税理士 小林誉光事務所は、杉並区荻窪の税理士事務所です。

賞与を支給するときの税額計算

賞与を支給するときの税額計算

賞与を支給する場合の源泉徴収税額は、どのように計算するのでしょうか。

前月に支払った通常の給与の有無等により、計算方法が違います。

原則、「賞与に対する源泉徴収税額の算出率の表」によって求めますが、「給与所得の源泉徴収税額表」(月額表)を用いる場合もあります。これらの使い分けは、以下のとおりです。

前月に支払った通常の給与がある場合

前月中の給与の10倍を超える賞与がある場合を除き、「賞与に対する源泉徴収税額の算出率の表」を使用します。「扶養控除等申告書」については、提出がある場合は甲欄を、ない場合は乙欄を適用します。

設例1:前月に支払った通常の給与がある場合
  • 賞与の額(社会保険料等控除後):1,000,000円
  • 前月に支払った通常の給与の額(社会保険料等控除後):350,000
  • 扶養親族等の数:2人
  • 「扶養控除等申告書」の提出:あり
税額計算
  1. 「賞与に対する源泉徴収税額の算出率の表」※の「甲」欄より、”扶養親族等の数が2人”の「前月の社会保険料等控除後の給与等の金額」が、社会保険料等控除後の賞与等の額350,000円を含む”312,000円以上369,000円未満”の行の”賞与の金額に乗ずべき率”を求めます。
  2. 賞与の額に(1)で求めた税率6.126%乗じた金額が、源泉徴収すべき税額となります。
    1,000,000円×6.126%=61,260円

前月に支払った通常の給与がない場合

「給与所得の源泉徴収税額表」(月額表)※を使用します。
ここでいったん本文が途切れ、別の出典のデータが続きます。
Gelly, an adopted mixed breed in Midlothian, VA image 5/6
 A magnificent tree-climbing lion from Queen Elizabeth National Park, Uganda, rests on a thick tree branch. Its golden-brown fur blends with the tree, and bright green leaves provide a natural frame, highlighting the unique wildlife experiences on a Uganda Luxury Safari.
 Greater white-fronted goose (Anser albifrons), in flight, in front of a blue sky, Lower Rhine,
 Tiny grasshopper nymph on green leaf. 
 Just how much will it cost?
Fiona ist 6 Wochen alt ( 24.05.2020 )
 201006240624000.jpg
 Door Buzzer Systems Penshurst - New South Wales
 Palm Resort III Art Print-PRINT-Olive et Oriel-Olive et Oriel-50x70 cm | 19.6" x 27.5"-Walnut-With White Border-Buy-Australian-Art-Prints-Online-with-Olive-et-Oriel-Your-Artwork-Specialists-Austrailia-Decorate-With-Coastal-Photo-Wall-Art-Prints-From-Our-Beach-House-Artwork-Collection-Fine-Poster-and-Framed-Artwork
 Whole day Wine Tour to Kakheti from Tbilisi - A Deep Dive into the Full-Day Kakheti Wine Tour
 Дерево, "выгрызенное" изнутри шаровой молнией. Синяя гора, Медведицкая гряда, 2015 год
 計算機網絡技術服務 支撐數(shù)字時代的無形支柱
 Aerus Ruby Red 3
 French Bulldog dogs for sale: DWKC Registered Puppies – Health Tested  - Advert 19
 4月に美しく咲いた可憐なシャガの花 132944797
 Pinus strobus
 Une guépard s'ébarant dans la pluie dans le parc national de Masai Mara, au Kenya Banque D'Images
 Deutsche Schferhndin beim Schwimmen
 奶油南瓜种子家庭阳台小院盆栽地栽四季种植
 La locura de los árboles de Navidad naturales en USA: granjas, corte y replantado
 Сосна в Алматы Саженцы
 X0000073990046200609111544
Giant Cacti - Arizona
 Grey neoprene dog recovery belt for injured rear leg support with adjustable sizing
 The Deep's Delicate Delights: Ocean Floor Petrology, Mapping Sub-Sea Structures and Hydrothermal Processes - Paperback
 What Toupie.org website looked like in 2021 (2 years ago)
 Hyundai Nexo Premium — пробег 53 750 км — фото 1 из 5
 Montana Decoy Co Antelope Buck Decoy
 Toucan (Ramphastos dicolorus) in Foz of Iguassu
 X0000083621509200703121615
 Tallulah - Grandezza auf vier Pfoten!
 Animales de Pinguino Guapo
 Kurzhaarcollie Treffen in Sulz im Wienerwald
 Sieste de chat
甲欄と乙欄の使い分けは、上記と同様です。

設例2:前月に支払った通常の給与がない場合
  • 賞与の額・扶養親族等の数・「扶養控除等申告書」の提出の有無のついては(設例1)と同じ
税額計算
  1. 賞与の額の6分の1(賞与の計算の基礎となった期間が6か月を超えるときは12分の1)の額を求めます。
    1,000,000円÷6=166.666円(円未満切捨て)
  2. 「給与所得の源泉徴収税額票」(月額表)の”その月の社会保険料等控除後の給与等の金額”欄で、(1)で求めた額166,666円を含む”165,000円以上167,000円未満”の行を求め、その行と”甲”欄の”扶養親族等の数2人”の部分が交わるところに記載されている税額320円を求めます。
  3. (2)で求めた税額320円を6倍(又は12倍)した額が、賞与から源泉徴収する税額となります。
    320円×6=1,920円(320円×12=3,840円)

前月の給与の10倍を超える賞与の場合

「給与所得の源泉徴収税額表」(月額表)を使用します。甲欄と乙欄の使い分けは、上記と同様です。
賞与の額が前月の給与の額の10倍を超える場合は、その賞与の額(社会保険料等控除後)の6分の1(賞与の計算の基礎となった期間が6か月を超えるときは12分の1)相当額と前月の給与の額(社会保険料等控除後)との合計額を、設例2(2)(3)と同様の手順で計算して源泉徴収税額を求めます。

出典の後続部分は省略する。